TASK GOAL:
Omit the pictures and retype only the lines from the one containing "足坛年度进球榜揭晓梅西91球领跑C罗三度上榜姆巴佩62球位列第七" through the end of the listing, both ends included.

PROVIDED ENTRIES:
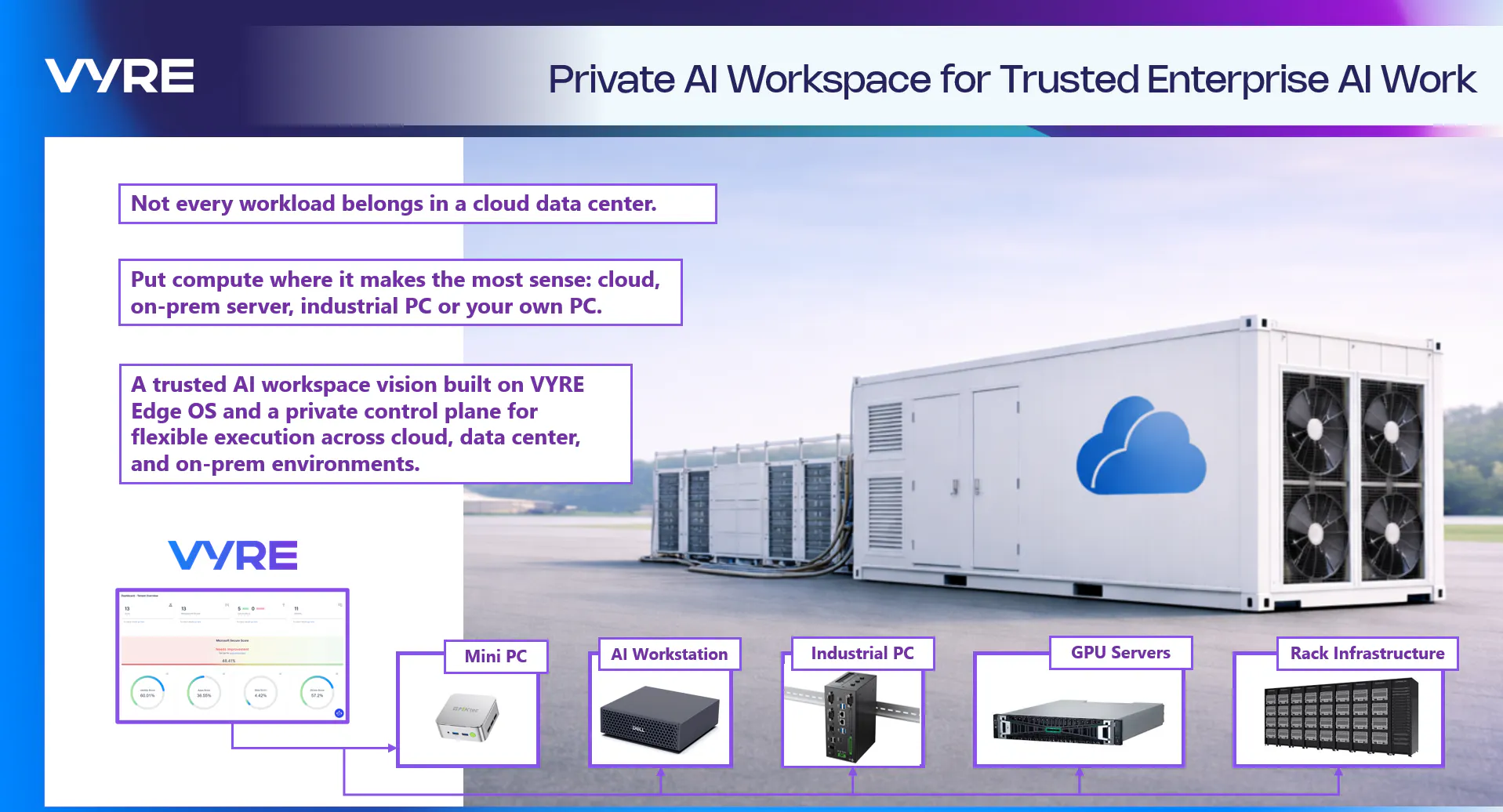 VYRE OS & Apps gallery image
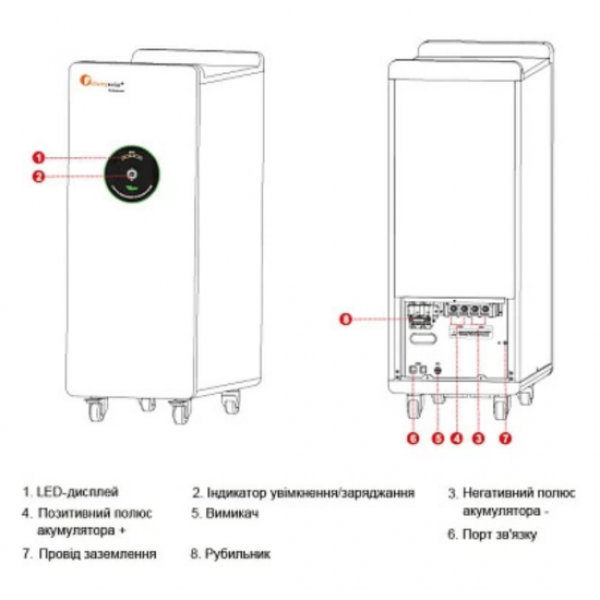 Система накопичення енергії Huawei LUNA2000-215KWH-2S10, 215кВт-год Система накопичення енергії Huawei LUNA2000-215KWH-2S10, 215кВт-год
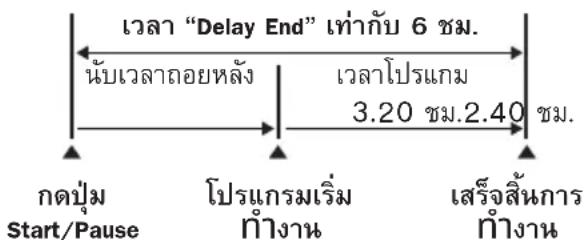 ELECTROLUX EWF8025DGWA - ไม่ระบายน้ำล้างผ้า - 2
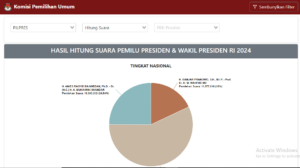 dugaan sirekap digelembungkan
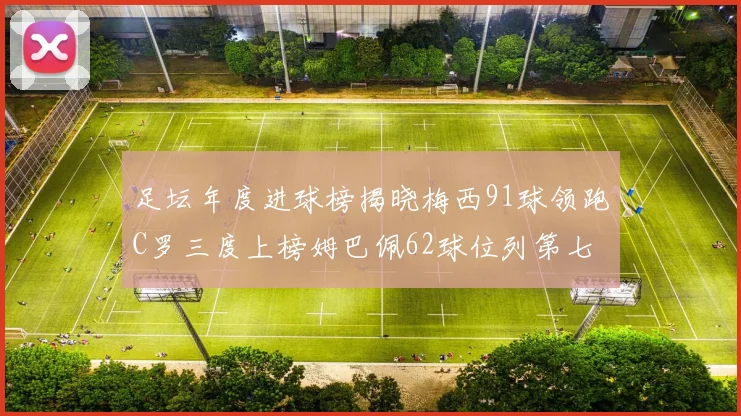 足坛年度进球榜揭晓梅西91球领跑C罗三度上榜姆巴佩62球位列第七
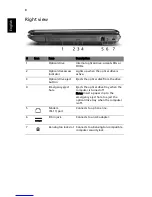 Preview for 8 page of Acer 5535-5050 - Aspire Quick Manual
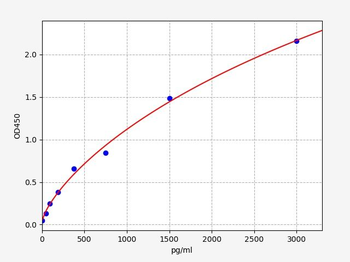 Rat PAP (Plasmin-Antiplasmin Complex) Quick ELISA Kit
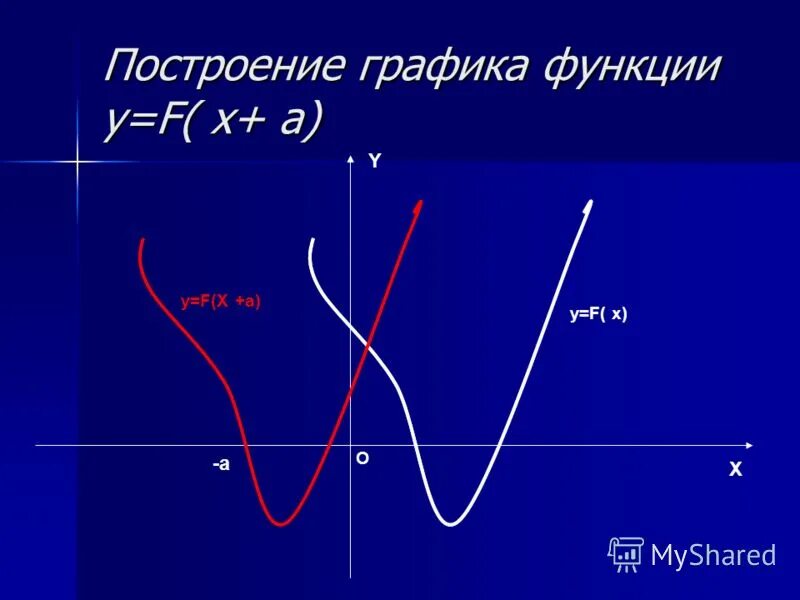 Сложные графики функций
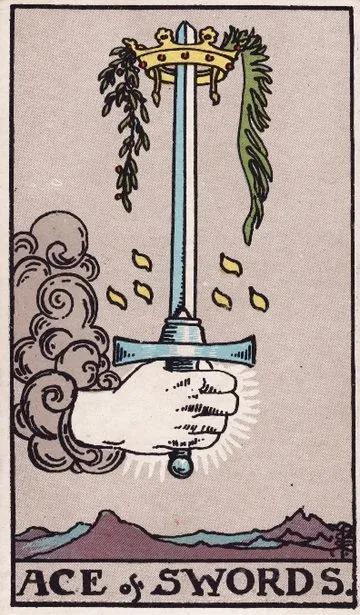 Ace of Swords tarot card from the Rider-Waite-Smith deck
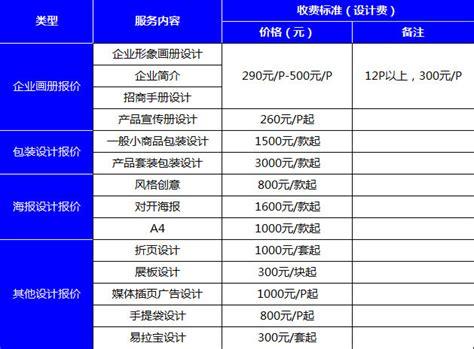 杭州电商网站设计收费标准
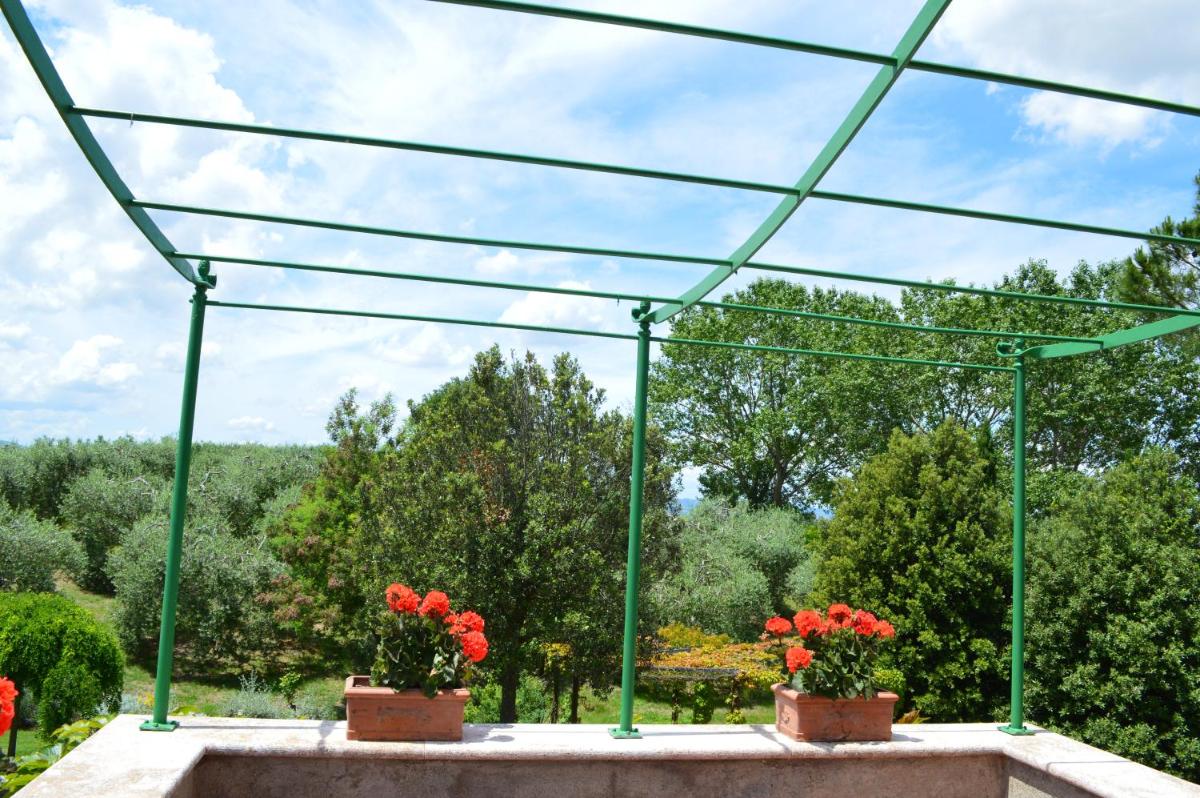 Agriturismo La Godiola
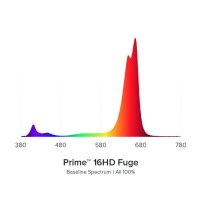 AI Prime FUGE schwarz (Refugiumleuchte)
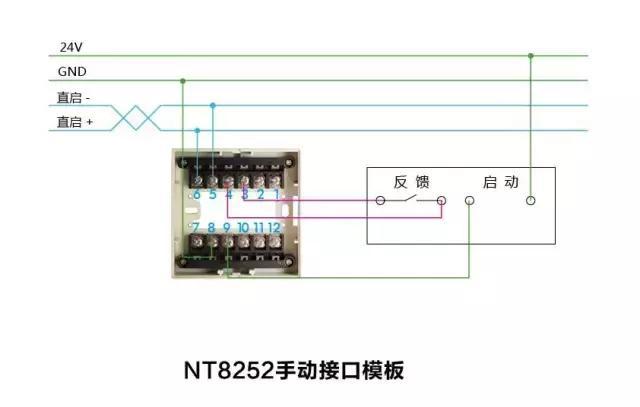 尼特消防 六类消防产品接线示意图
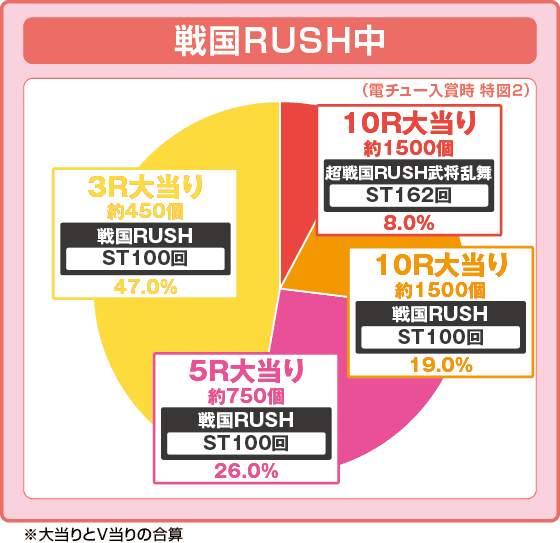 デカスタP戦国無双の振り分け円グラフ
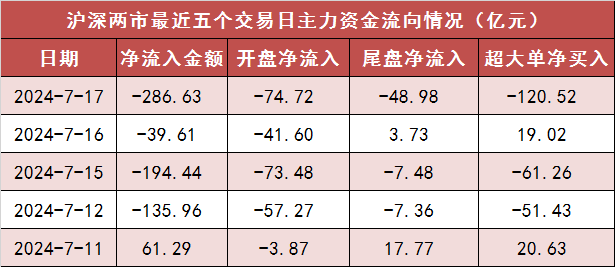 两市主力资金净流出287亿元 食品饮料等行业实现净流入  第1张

RESULT FOR THIS EXERCISE:
 足坛年度进球榜揭晓梅西91球领跑C罗三度上榜姆巴佩62球位列第七
 Preview for 8 page of Acer 5535-5050 - Aspire Quick Manual
 Rat PAP (Plasmin-Antiplasmin Complex) Quick ELISA Kit
 Сложные графики функций
 Ace of Swords tarot card from the Rider-Waite-Smith deck
 杭州电商网站设计收费标准
 Agriturismo La Godiola
 AI Prime FUGE schwarz (Refugiumleuchte)
 尼特消防 六类消防产品接线示意图
 デカスタP戦国無双の振り分け円グラフ
 两市主力资金净流出287亿元 食品饮料等行业实现净流入  第1张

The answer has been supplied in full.